FIG. 11 relates to initializing motion fields at a processing level because there are desirably multiple processing levels for process 110. As can be seen with reference to FIG. 13, FIG. 13 is a diagram illustrating process 1100 of FIG. 11 (and process 1200 of FIG. 12 discussed below). the following description uses the phrase motion fields.

In pyramid structures, for example, the reference frame is reduced to or more different scales.

The basis for this process is that it is easier to capture large movements when the image is reduced. However, scaling the reference frame itself using a simple rescaling filter may reduce the reference frame quality. To avoid losing detailed information due to rescaling, the pyramid structure scales the derivatives instead of the pixels of the reference frame to estimate the optical flow. This pyramid scheme represents a regression analysis of the optical flow estimates. The scheme is shown in fig. 13 and is implemented by process 1100 of fig. 11 and process 1200 of fig. 12.

After initialization, the Lagrangian parameter λ is set for solving the Lagrangian function (1) in 1104 desirably the process 1100 uses multiple values of the Lagrangian parameter λ the th value to which the Lagrangian parameter λ is set in 1104 may be a relatively large value such as 100 although it is desirable that the process 1100 use multiple values of the Lagrangian parameter λ in the Lagrangian function (1), only values may be used as described in the process 1200 described below.

In 1106, the reference frame is warped into the current frame according to the motion field of the current processing level. Warping the reference frame to the current frame may be performed using sub-pixel position rounding (rounding). Notably, the warping is performedPreviously, motion field mv used at processing level _curDown from its full resolution value to that level of resolution. Zooming out the motion field is discussed in more detail below.

Knowing the flow of light mv_curThe motion field that warps the reference frame 1 is inferred from the following linear projection assumption (e.g., motion is projected linearly over time):

mv_r1＝(index_cur-index_r1)/(index_r2-index_r1)·mv_cur

to perform the twisting, the motion field mv_r1Horizontal component u of_r1And a vertical component u_r1It can be rounded to 1/8 pixel accuracy for the Y component and 1/16 pixel accuracy for the U and V components. Other values for sub-pixel position rounding may be used. After rounding, the warped image is computed

As a motion vector mv_r1A given reference pixel. The sub-pixel interpolation may be performed using a conventional sub-pixel interpolation filter.

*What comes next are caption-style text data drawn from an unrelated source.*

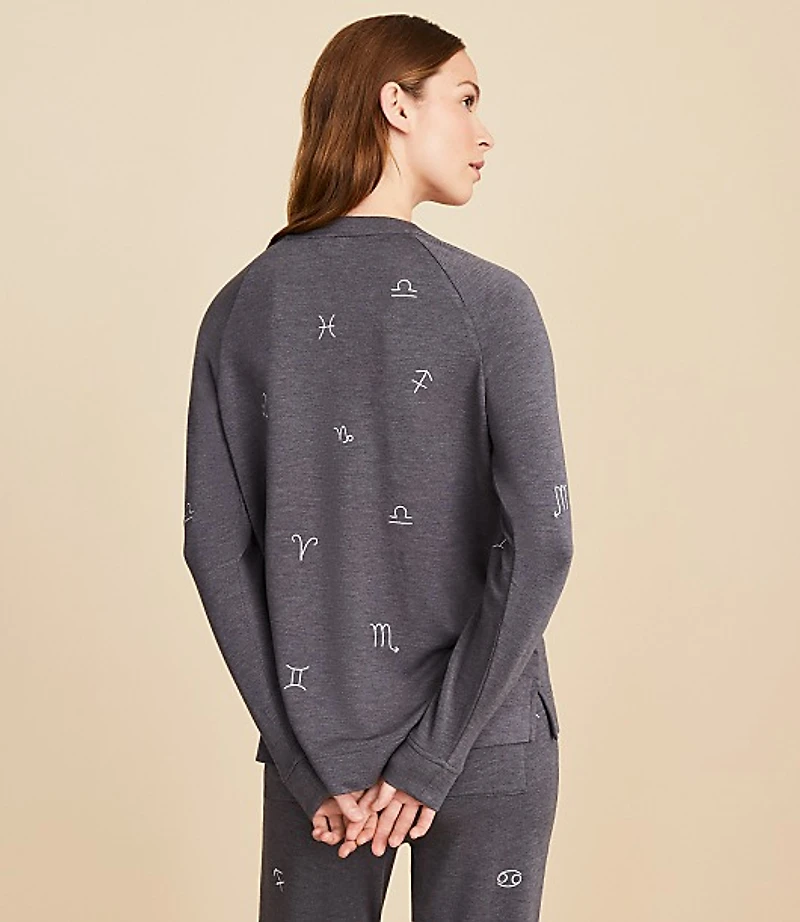 Lou & Grey Astrology Signaturesoft Sweatshirt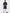 Jompers Men's Navy-Blue & White Solid Kurta with Churidar - Distacart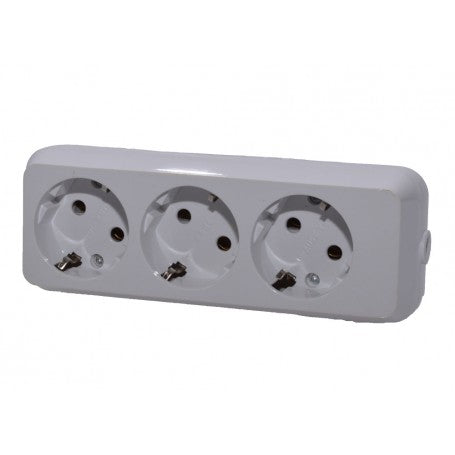 3-Socket Extension Head with Ceramic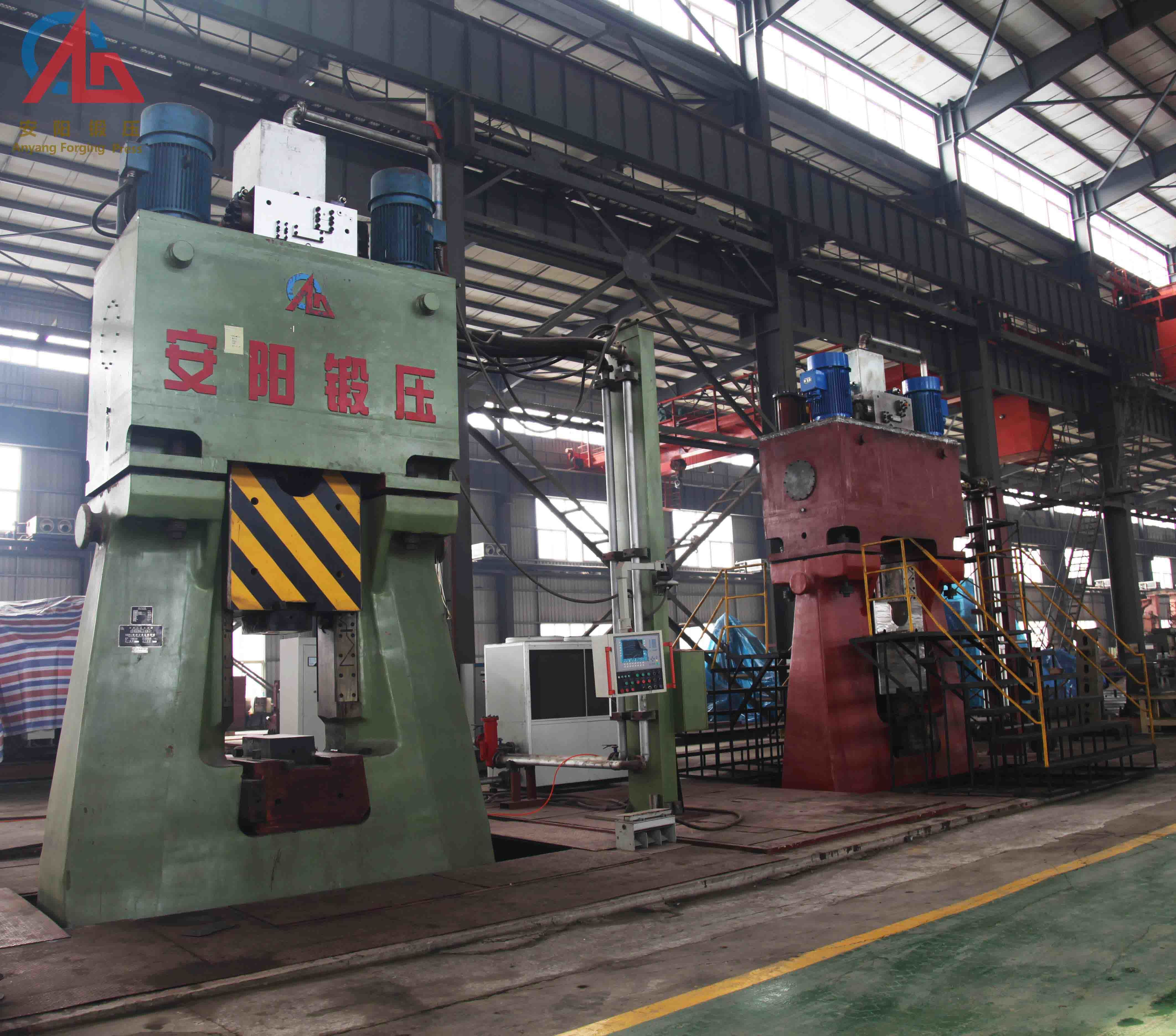 Cnc Fully Hydraulic Die Forging Hammer Application: Auto Parts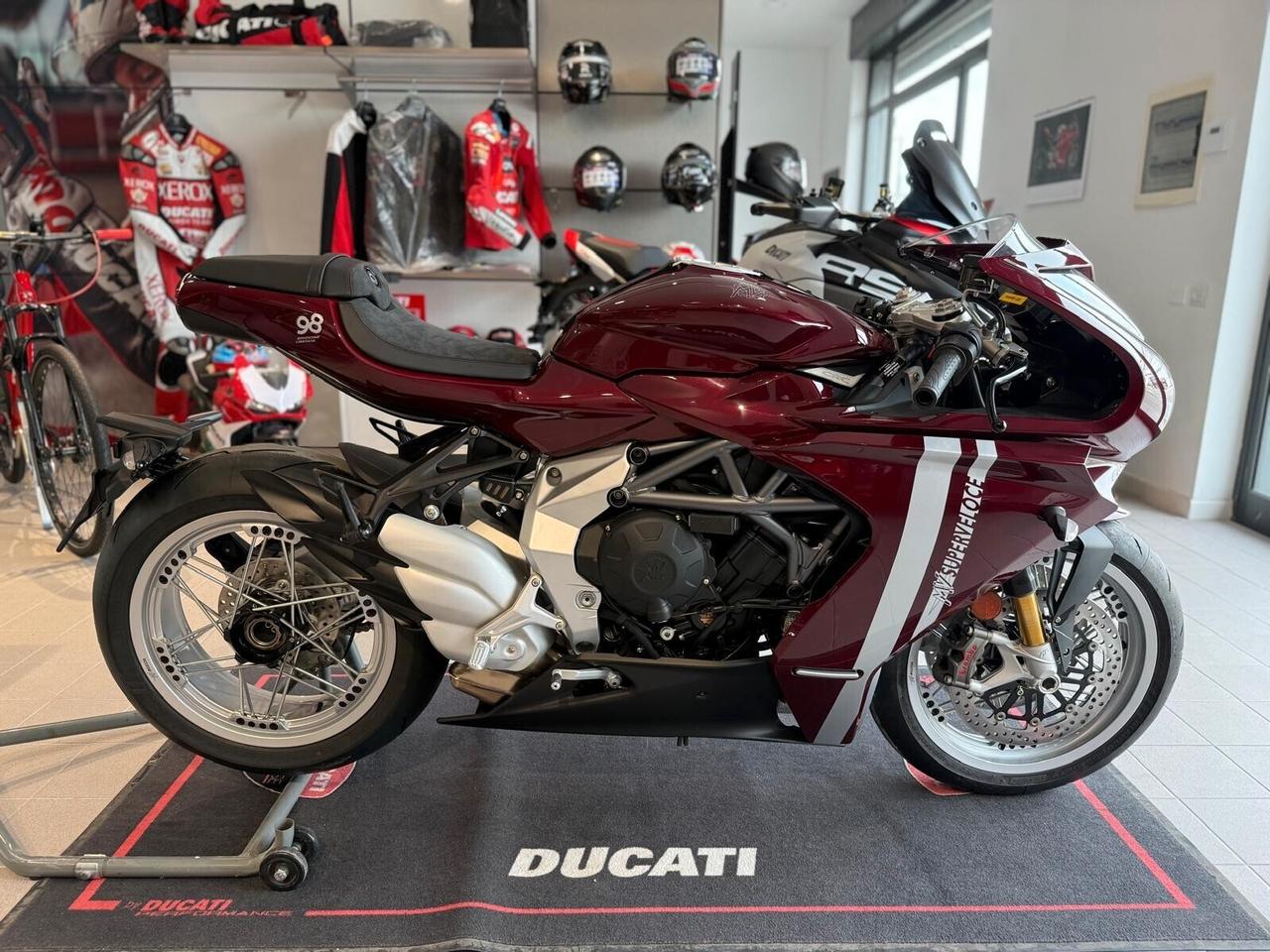 Mv Agusta Superveloce 800 EDIZIONE LIMITATA 98 NR. 293/300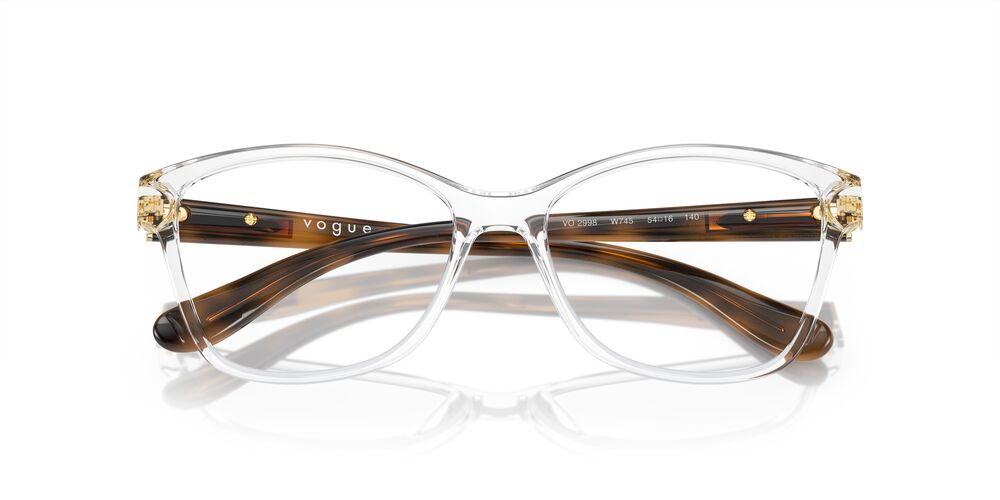 Lentes Oftálmicos Vogue VO2998 Transp/Carey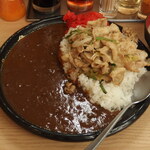 伝説のすた丼屋 - 料理写真:すたみなカレー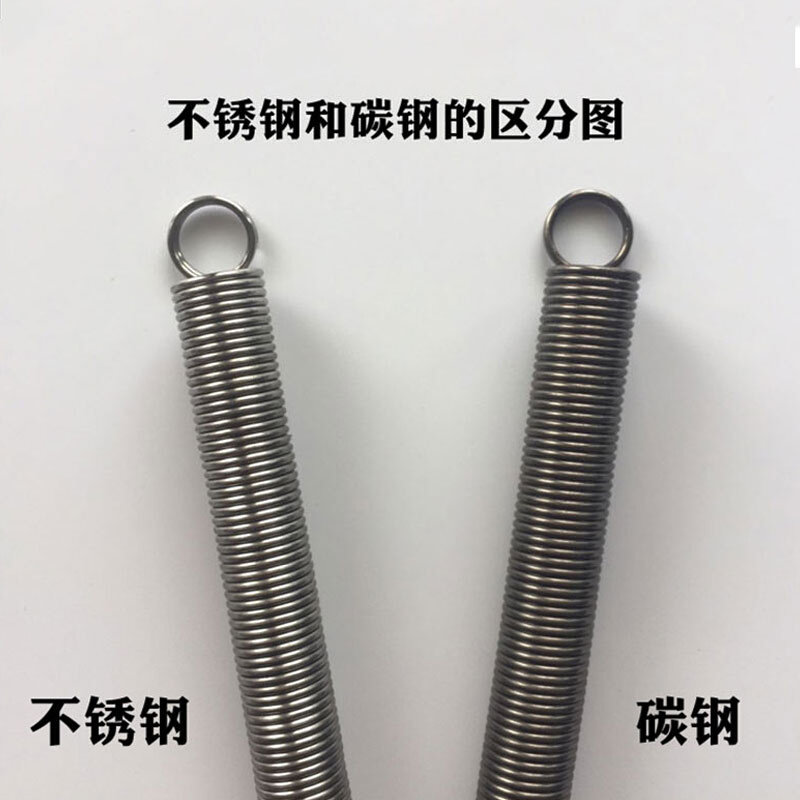 现货速发。不锈钢拉门拉簧弹簧式闭门器拉簧式闭门器防蚊蝇门簧自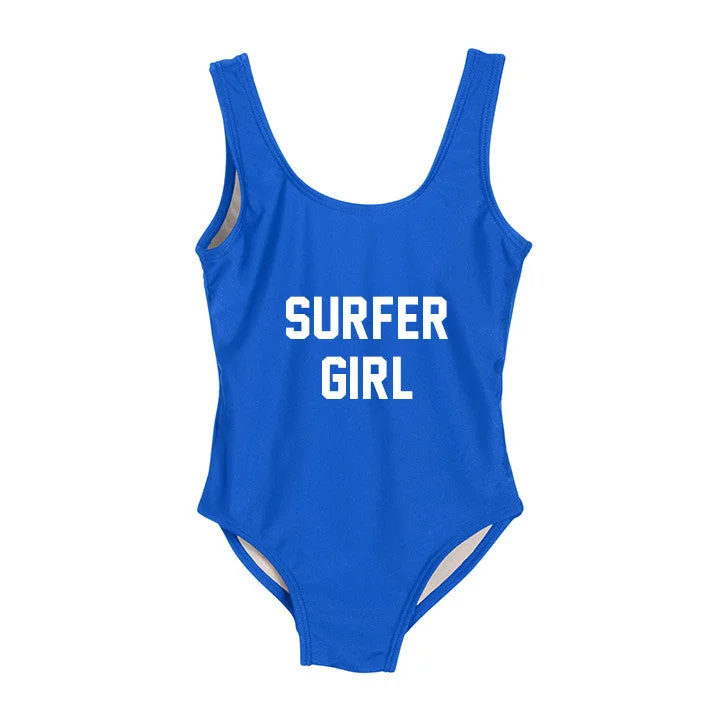 SURFER GIRL [KIDS ONE PIECE SWIMSUIT]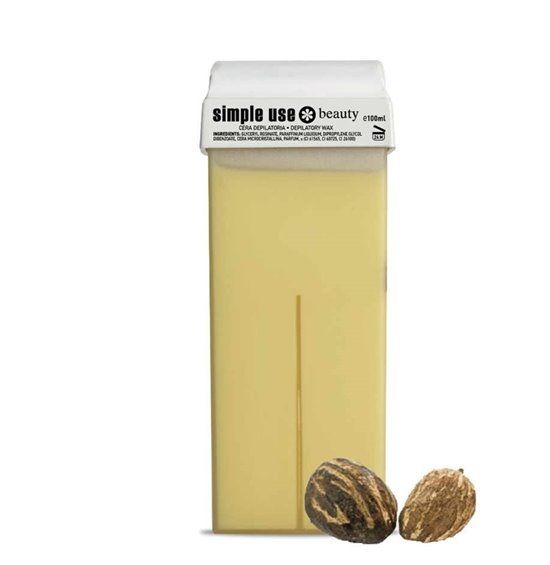 Ceara Epilatoare Liposolubila Roll On - Unt De Karite - Formula Premium Karite 100ml - SIMPLE USE - HNIcosmetice.ro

The same warping method is applied to the reference frame 2 to obtain a warped image

Wherein the motion field is calculated by:

mv_r2＝(index_r2-index_cur)/(index_r2-index_r1)·mv_cur

at the end of the calculation in 1106, there are two warped reference frames. In 1108, two warped reference frames are used to estimate the motion field between them. Estimating the motion field in 1108 may include a number of steps.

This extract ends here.